##### Entries supplied

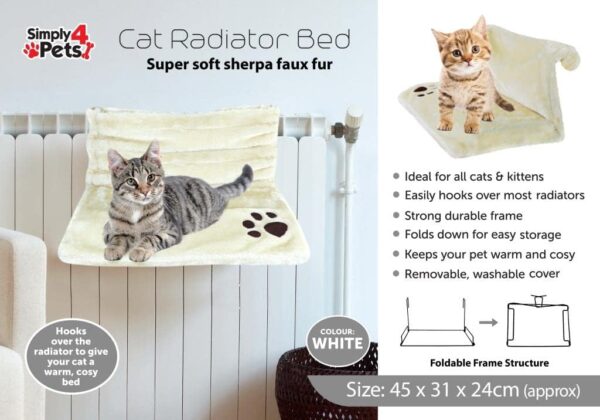 SIMPLY 4 PETS Quality Pet Products Soft Washable Radiator Cat Bed Specially Made For Cats - Image 5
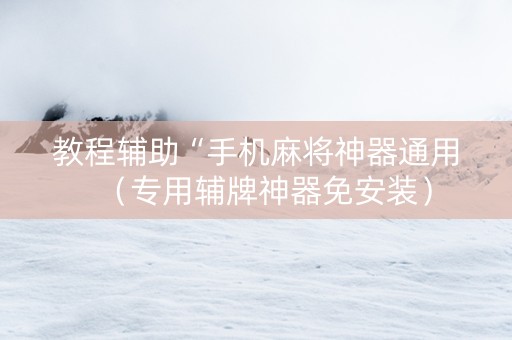 教程辅助“手机麻将神器通用（专用辅牌神器免安装）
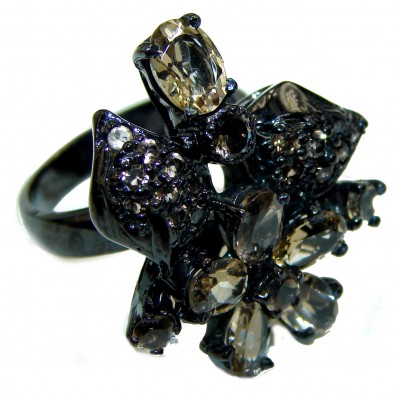 Isabella Champagne Smoky Topaz black rhodium over .925 Sterling Silver Ring size 7 1/4
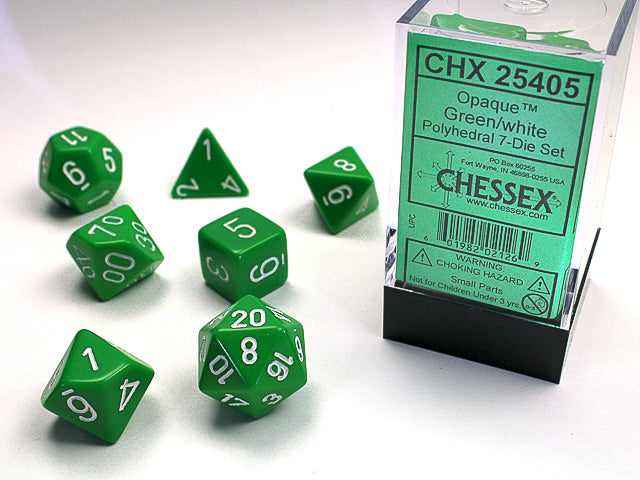 Opaque Polyhedral 7-Die Set (Green/White)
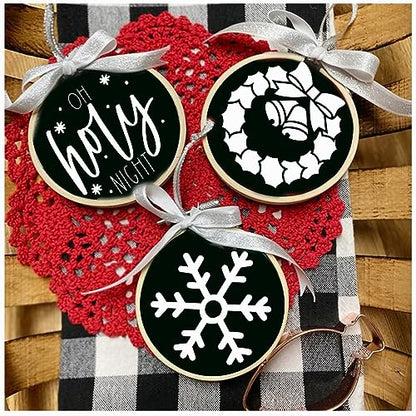 Small Stencils for Painting on Wood Reusable, 3 Inch Reusable Stencil for Craft Ornament Paint Template Stencils for Wall Card Rock Wood Signs Coasters Canvas Home Decor (Christmas) - style: christmas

##########

Without the pictures, retype all of the data above exactly.

■ Answer space:
 SIMPLY 4 PETS Quality Pet Products Soft Washable Radiator Cat Bed Specially Made For Cats - Image 5
 教程辅助“手机麻将神器通用（专用辅牌神器免安装）
 Isabella Champagne Smoky Topaz black rhodium over .925 Sterling Silver Ring size 7 1/4
 Opaque Polyhedral 7-Die Set (Green/White)
 Small Stencils for Painting on Wood Reusable, 3 Inch Reusable Stencil for Craft Ornament Paint Template Stencils for Wall Card Rock Wood Signs Coasters Canvas Home Decor (Christmas) - style: christmas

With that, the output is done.